• Task description:
Below are the entries; return exactly the line with "Un comune di" and every later line, without anything else.

Data for processing section start

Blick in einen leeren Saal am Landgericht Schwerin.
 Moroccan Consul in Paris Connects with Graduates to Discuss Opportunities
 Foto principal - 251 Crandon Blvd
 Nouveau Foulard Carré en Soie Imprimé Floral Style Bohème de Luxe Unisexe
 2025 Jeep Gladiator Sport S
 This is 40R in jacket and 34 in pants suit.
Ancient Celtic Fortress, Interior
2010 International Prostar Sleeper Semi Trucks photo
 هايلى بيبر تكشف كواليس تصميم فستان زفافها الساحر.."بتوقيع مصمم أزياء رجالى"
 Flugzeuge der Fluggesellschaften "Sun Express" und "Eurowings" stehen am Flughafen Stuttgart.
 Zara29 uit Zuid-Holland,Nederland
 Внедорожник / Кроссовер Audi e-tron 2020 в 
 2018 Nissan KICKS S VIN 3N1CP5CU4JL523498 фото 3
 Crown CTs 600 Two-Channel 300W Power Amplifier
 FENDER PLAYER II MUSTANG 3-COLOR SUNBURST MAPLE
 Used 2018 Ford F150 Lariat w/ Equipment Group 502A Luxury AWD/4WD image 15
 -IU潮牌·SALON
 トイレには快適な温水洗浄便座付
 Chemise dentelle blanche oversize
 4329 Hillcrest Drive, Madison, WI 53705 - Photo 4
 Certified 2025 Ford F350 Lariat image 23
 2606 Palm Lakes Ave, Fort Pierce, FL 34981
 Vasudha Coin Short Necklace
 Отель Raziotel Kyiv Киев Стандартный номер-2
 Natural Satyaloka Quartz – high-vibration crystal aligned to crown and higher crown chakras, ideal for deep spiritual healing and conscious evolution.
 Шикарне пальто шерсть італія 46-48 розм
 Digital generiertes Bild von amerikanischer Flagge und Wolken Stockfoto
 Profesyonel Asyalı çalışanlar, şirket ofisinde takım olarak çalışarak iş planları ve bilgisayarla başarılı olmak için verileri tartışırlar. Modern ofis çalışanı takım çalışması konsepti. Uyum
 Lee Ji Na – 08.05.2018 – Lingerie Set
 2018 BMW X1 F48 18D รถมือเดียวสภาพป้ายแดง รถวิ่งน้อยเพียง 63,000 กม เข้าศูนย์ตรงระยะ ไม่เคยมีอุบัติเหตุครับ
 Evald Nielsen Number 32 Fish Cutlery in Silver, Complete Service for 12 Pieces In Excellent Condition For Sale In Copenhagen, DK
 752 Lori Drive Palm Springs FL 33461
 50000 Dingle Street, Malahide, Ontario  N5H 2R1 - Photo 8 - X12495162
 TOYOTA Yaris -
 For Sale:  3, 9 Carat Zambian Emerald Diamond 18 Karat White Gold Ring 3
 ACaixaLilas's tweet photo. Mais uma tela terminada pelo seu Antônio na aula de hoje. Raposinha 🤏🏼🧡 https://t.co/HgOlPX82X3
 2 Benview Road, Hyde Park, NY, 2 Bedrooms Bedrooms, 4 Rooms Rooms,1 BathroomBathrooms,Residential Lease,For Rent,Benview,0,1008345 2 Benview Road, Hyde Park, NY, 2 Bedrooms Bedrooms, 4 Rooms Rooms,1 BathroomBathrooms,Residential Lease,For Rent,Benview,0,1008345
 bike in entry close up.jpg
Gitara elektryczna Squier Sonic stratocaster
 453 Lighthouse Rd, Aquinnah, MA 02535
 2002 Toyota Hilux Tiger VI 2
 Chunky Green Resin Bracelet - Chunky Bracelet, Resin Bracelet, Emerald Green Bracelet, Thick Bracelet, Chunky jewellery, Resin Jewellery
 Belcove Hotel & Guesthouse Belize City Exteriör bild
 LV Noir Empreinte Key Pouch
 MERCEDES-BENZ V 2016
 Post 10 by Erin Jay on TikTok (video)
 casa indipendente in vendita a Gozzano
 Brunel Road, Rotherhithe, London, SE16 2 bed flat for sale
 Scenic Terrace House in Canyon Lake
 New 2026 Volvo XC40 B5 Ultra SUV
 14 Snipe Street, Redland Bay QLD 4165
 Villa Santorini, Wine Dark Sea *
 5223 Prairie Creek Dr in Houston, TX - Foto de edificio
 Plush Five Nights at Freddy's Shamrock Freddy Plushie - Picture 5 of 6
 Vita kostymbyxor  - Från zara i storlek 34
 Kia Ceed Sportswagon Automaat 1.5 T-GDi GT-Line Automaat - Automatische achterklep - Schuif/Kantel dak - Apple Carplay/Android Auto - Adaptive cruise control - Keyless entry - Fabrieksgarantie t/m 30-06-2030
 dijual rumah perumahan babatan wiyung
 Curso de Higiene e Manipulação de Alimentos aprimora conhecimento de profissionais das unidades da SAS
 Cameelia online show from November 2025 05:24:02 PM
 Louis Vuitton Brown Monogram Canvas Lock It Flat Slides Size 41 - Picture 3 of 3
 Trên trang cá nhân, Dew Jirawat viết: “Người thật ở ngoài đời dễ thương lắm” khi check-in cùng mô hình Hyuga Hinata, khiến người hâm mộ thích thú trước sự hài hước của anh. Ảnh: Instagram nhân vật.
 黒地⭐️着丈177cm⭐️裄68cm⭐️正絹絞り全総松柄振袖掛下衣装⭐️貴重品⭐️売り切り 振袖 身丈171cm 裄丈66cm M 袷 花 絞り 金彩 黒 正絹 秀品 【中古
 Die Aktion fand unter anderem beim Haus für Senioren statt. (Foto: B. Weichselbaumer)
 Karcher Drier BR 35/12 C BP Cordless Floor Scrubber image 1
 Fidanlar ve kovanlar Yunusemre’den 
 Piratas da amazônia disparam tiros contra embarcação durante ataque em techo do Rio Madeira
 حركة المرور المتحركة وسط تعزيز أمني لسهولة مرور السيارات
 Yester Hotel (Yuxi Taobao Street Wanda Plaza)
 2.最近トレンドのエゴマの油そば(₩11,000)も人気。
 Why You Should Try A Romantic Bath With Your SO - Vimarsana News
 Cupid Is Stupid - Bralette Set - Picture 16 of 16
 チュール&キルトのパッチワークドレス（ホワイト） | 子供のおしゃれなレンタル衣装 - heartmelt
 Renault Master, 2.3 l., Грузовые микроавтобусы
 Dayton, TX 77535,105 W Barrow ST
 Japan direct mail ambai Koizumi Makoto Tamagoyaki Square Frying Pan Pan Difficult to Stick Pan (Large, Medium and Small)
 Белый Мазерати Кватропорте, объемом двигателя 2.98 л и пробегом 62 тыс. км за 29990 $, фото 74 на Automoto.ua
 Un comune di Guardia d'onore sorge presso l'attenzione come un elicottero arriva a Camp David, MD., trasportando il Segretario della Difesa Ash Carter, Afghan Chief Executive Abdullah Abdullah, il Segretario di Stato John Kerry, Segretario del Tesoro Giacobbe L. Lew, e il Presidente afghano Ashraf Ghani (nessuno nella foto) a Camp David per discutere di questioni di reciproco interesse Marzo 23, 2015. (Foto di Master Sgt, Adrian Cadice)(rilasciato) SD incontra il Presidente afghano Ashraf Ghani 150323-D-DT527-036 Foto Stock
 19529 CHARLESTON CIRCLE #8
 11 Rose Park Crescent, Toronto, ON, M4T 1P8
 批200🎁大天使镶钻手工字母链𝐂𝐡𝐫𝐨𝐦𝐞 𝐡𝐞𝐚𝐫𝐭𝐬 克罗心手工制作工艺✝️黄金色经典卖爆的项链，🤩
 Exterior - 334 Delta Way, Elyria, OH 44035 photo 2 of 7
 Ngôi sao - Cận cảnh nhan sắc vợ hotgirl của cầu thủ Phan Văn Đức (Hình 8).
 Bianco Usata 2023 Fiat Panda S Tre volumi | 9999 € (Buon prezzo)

Data for processing section end

• Solution to the problem:
 Un comune di Guardia d'onore sorge presso l'attenzione come un elicottero arriva a Camp David, MD., trasportando il Segretario della Difesa Ash Carter, Afghan Chief Executive Abdullah Abdullah, il Segretario di Stato John Kerry, Segretario del Tesoro Giacobbe L. Lew, e il Presidente afghano Ashraf Ghani (nessuno nella foto) a Camp David per discutere di questioni di reciproco interesse Marzo 23, 2015. (Foto di Master Sgt, Adrian Cadice)(rilasciato) SD incontra il Presidente afghano Ashraf Ghani 150323-D-DT527-036 Foto Stock
 19529 CHARLESTON CIRCLE #8
 11 Rose Park Crescent, Toronto, ON, M4T 1P8
 批200🎁大天使镶钻手工字母链𝐂𝐡𝐫𝐨𝐦𝐞 𝐡𝐞𝐚𝐫𝐭𝐬 克罗心手工制作工艺✝️黄金色经典卖爆的项链，🤩
 Exterior - 334 Delta Way, Elyria, OH 44035 photo 2 of 7
 Ngôi sao - Cận cảnh nhan sắc vợ hotgirl của cầu thủ Phan Văn Đức (Hình 8).
 Bianco Usata 2023 Fiat Panda S Tre volumi | 9999 € (Buon prezzo)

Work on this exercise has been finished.